The diagnosis was complete third cranial nerve palsy with pupillary involvement.
He did not report headache, mandibular claudication or neck rigidity.
Her personal history was only significant for hypertension.
His antecedents were uninterested.
Examination of ocular motility in the left eye (LE) was normal.
The right eye (OD) had ptosis cerebrial and limitation of mobility in all positions except in appearance.
The pupillary reaction to light in the left eye was 3 mm to 2 mm, pupillary response in the right eye was slow from 5 mm to 4 mm.

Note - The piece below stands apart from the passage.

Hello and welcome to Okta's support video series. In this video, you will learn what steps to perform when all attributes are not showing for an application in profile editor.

There was no afferent pupillary defect.
Examination with a cleft palate was characteristic of bilateral cataract.
The eye fundus was normal.
Brain magnetic resonance angiography did not detect any pathology.
In the laboratory study the erythrocyte sedimentation rate (GSR) was 28 mm/h, C-reactive protein 0.2 mg/dl (normal, <0.8 mg/dl000) and platelets 175.

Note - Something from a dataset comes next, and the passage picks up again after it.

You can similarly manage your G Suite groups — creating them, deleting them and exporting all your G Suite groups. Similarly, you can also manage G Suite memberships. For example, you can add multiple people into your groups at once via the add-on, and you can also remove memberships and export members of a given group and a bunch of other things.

Rheumatoid factor, antinuclear antibodies, antineutrophil cytoplasmic antibodies, anti-acetylcholine receptor antibodies, and serology were negative.
The diagnosis of TA was considered and a biopsy of the temporal artery was performed.
Pathology revealed stenosis of the arterial lumen with rupture of the internal limiting factor and inflammatory and giant cells.